L'édition 2013 du Dresdner Musikfestspiele, centré sur le logo « Empire », réunissait encore formations et solistes prestigieux dans le domaine symphonique ou de la musique de chambre, que son dynamique directeur, le violoncelliste Jan Vogler, avait patiemment assemblés, comme chaque printemps. Et dans divers lieux, tous aussi emblématiques, tels la Frauenkirche ou le « Palais in Grossen Garten », jolie bâtisse nichée au sein d'un parterre à la française, et bien sûr, le Semperoper. Cet opéra imposant a été construit d'après les plans de l'architecte Gottfried Semper, auquel Richard Wagner avait, un temps, pensé pour son Festspielhaus à Bayreuth. L'édifice, le plus extrême de ceux qui fièrement bordent l'Elbe, en achève majestueusement la ligne. Un festival qui, avec un temps d'avance sur les grands rassemblements de l'été, et bien différent d'eux, n'en est pas moins symptomatique de la vitalité de la musique Outre Rhin.

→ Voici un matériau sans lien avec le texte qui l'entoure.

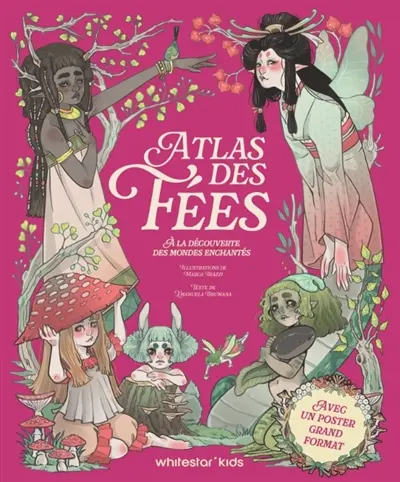 Atlas des fées : à la découverte des mondes enchantés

Le festival de musique de DRESDE

Dresde est une cité culturelle comme il en est peu d'exemple en Europe.  Durement affectée par les atrocités de la guerre, reconstruite avec autant d'opiniâtreté que d'efficacité, la « Florence du nord » a retrouvé son lustre d'antan et offre une étonnante foison d'œuvres d'art.  À l'ombre de la gigantesque Frauenkirche, l'emblème de la ville, se dressent l'ensemble du Residenzschloss, le château, avec son trésor et ses cabinets de curiosités, et le grandiose ensemble du Zwinger, sorte de Versailles en pleine ville, qui renferme diverses collections prestigieuses, dont le musée de la porcelaine.  C'est que les grands de Saxe aimaient les belles choses, dont la matière de la porcelaine, fabriquée à tout juste une encablure, dans la petite cité riante de Meissen.